The two bills passed by the National Assembly – Petroleum Industry Bill (PIB) and the Electoral Act Amendment Bill 2021 are facing criticism from Nigerians.
There were three most important issues in the legislative agenda when the 9th Assembly was inaugurated on 11 June 2019.
The agenda was prioritised based on the yearnings of Nigerians. Among some of the critical aspects of the 9th Senate’s legislative agenda was the much talked about Petroleum Industry Bill (PIB), 2010 Electoral Act (Amendment) Bill and the Amendment of the 1999 Constitution.
While unveiling the agenda, the President of the Senate, Ahmad Lawan specifically, disclosed that they are working on a National Assembly that works for the people.”
On the first day of July, 2021, the PIB was passed but not without drama and a call for a division.
While considering the bill clause-by- clause, a drama ensued when Sen Ahmed Babba- Kaita called for an amendment on page 240 of the 542 page document to reduce the proposed five per cent of the actual annual operating expenditure of the preceding financial year in the upstream petroleum operations for the host communities.
President Umaru Musa Yar’Adua who first introduced the PIB proposed 10 per cent for the host communities.
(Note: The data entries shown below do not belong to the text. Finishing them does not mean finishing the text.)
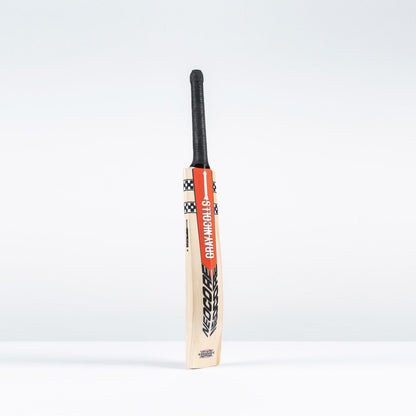 NEOCORE Pro Black Cricket Bat - Adult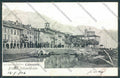 Verbania Cannobio cartolina ZQ8165 – fronte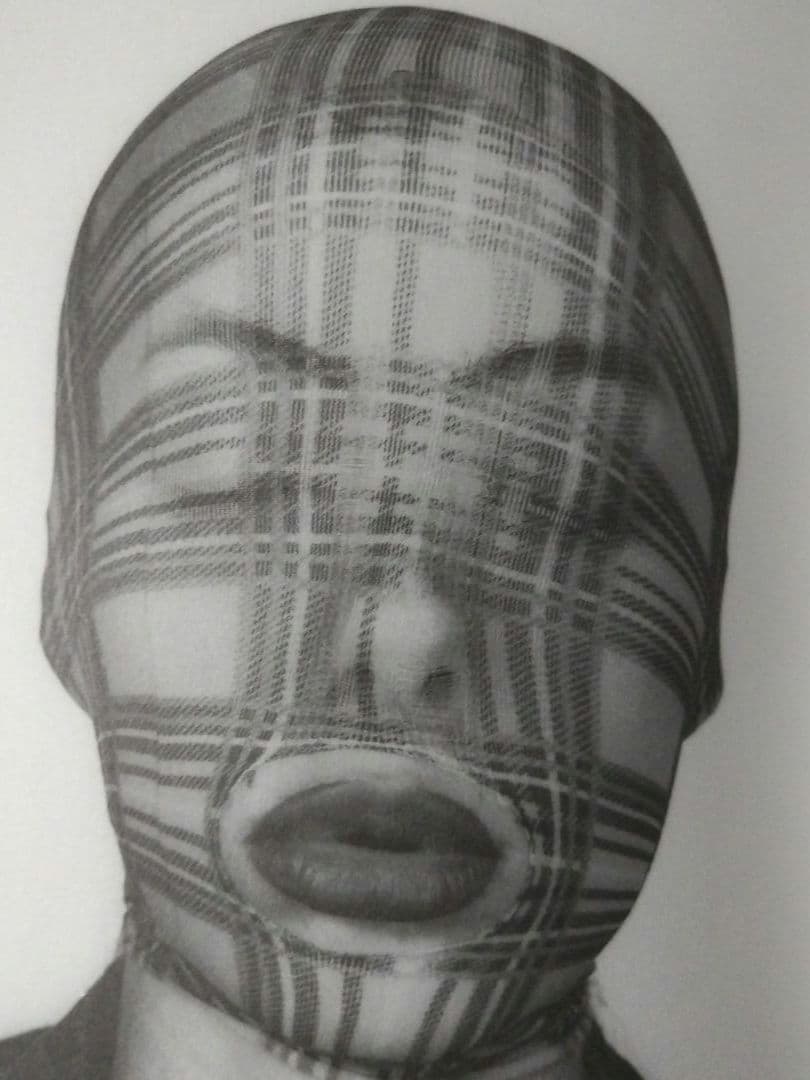 伊島薫写真集 black ＆ White Photographs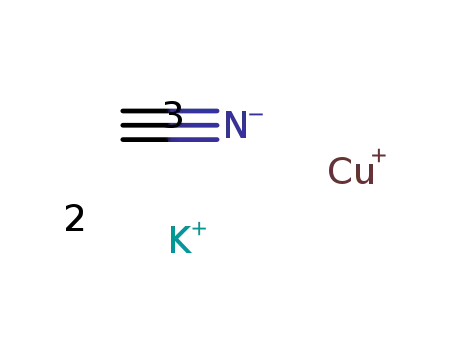 Kalium-kupfer(I)-cyanid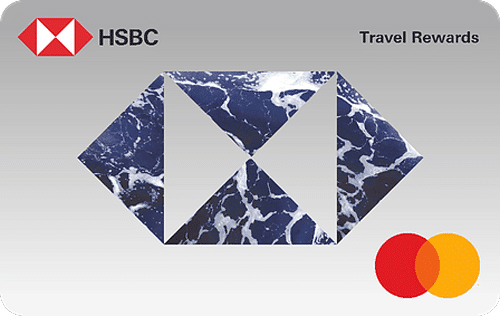 HSBC Travel Rewards
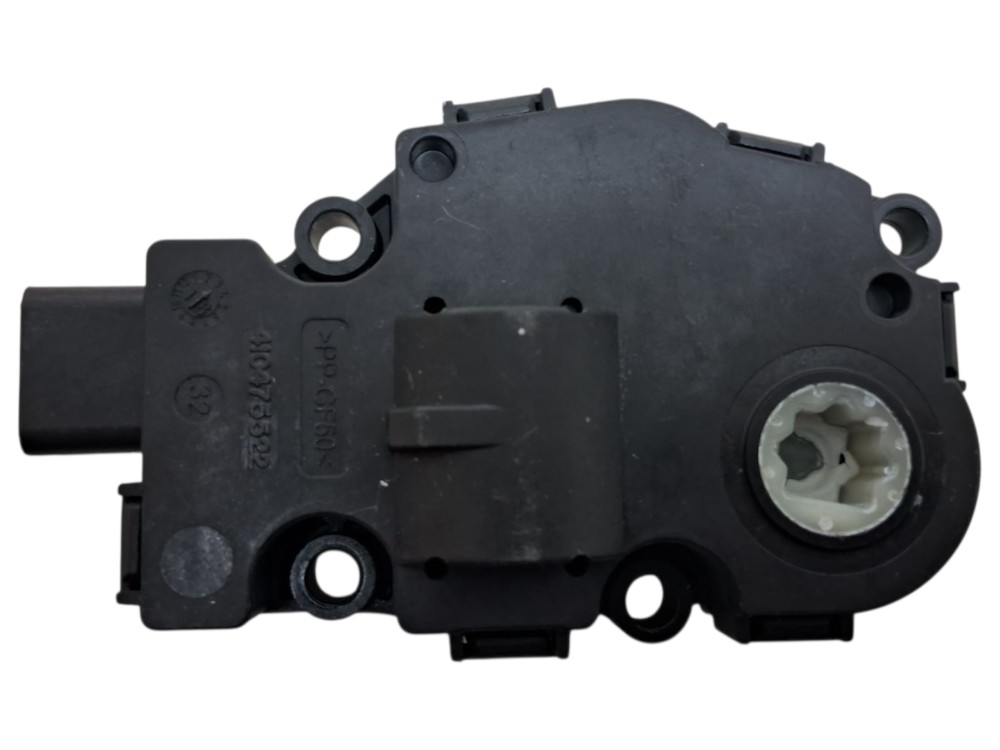 Motor Atuador Caixa Ar Bmw X6 Xdrive35i 2017 2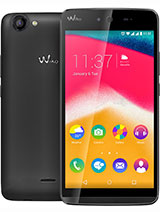 Best available price of Wiko Rainbow Jam in Cuba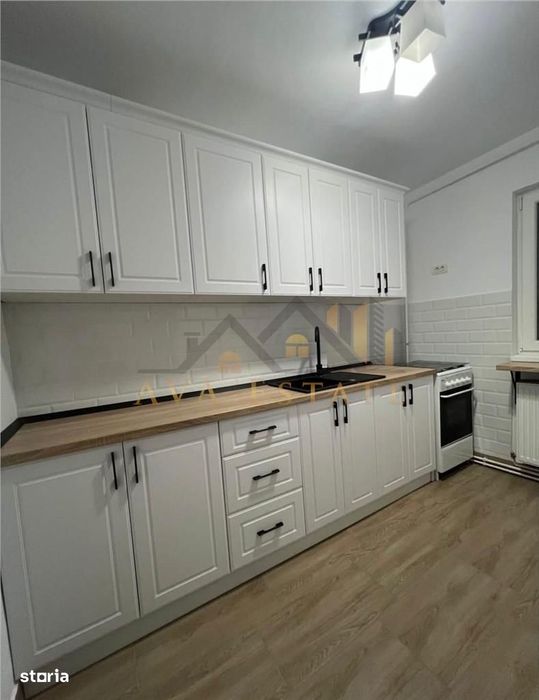 Apartament 3 camere | Decomandat, 65 mp - Zona Circumvalatiunii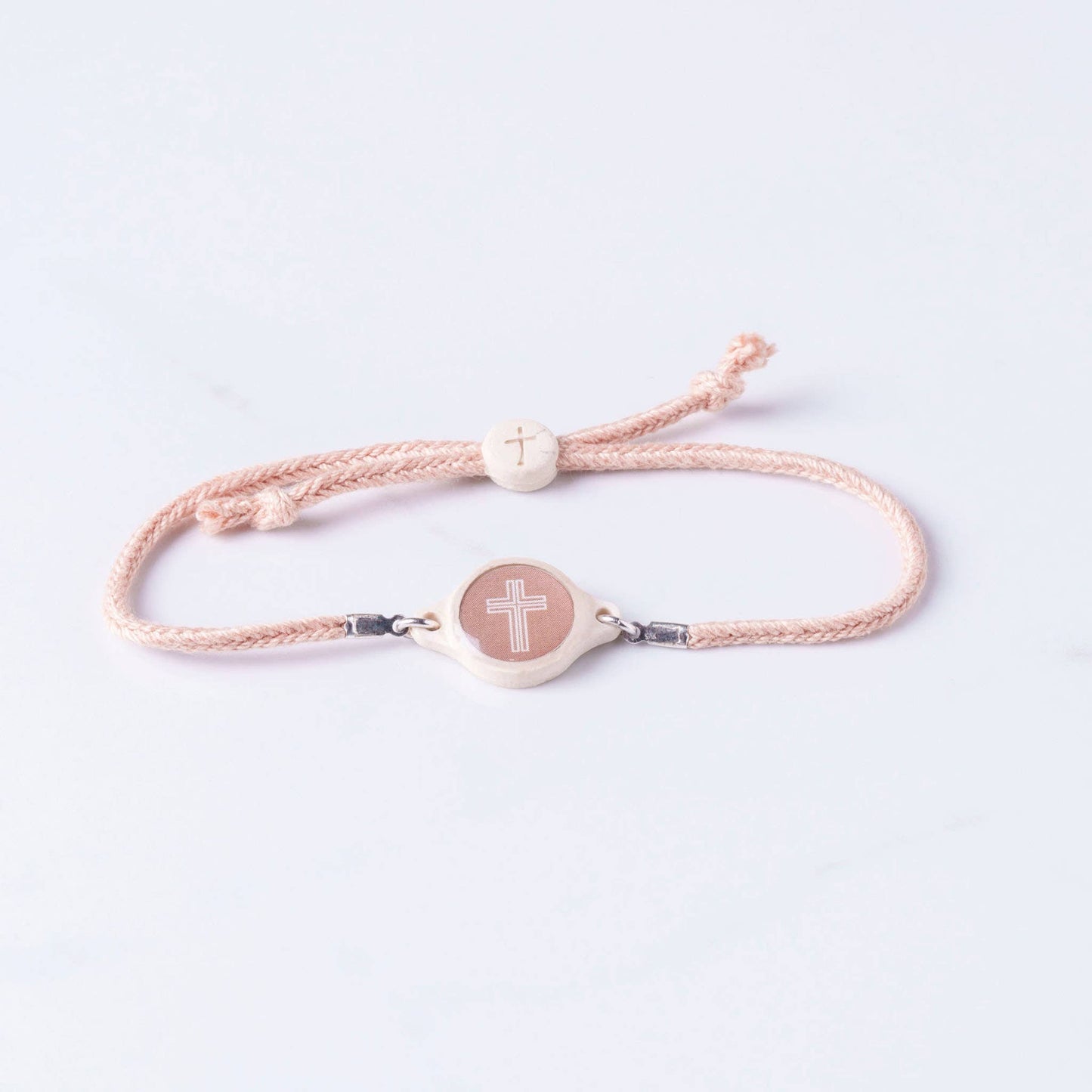 Tap To Pray™ - Survivor Series Handmade Bracelets - Purpose + Passion Boutique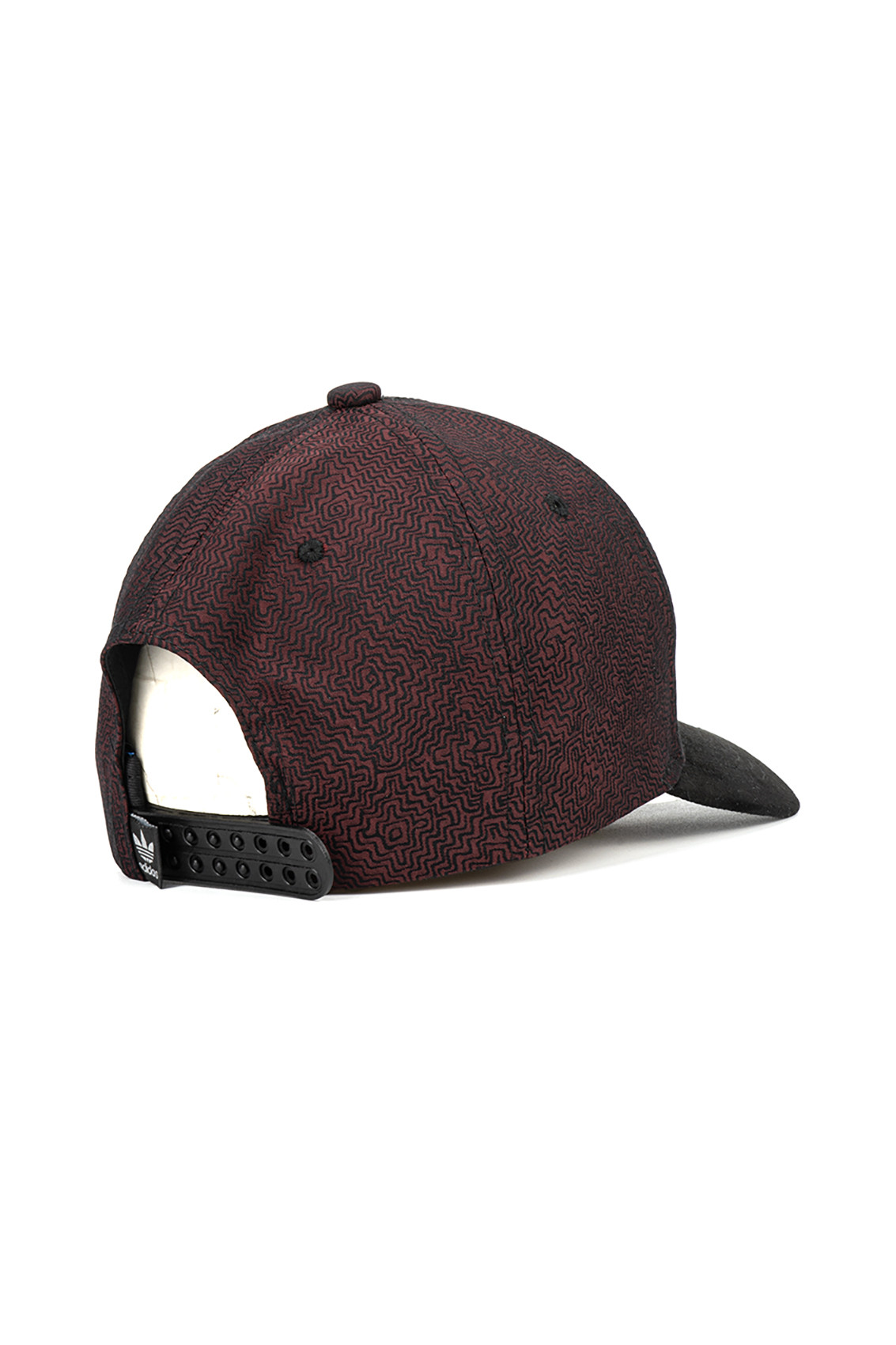 Casquette ANAS, Rouge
When the Buhari’s administration was introducing the bill in the 8th Assembly, five per cent was proposed for the host communities.
Introducing the bill in the 9th assembly, the Buhari’s administration reduced the percentage for the host communities to 2.5 per cent. The committee in their efforts, based on submission made by Nigerians, increase the percentage for the host communities to five per cent.
But before the passage, the Minister of State for Petroleum, Timipre Sylva and the Group Managing Director (GMD) of the Nigeria National Petroleum Corporation, Mele Kyari were admitted into the red chamber and the story changed. Three per cent have been harmonised for the host communities.
On the passage of the contentious electoral act, clause 52 (3) – electronic transmission of elections results was the big issue at the Senate. As usual, Nigerian Communications Commission (NCC) was not only invited, the clause provided that the Independent National Electoral Commission (INEC) must seek for their nod and that of the National Assembly before transmitting election results electronically.
Nigeria’s electoral umpire’s Independent is at risk if the Senate version eventually gets to the President for his assent.
INEC’s functions as contained in Section 15, Part 1 of the Third Schedule of the 1999 Constitution (As Amended) and Section 2 of the Electoral Act 2010 (As Amended) should not be tempered with. Such functions gives the commission power as an independent body to prepare and conduct elections.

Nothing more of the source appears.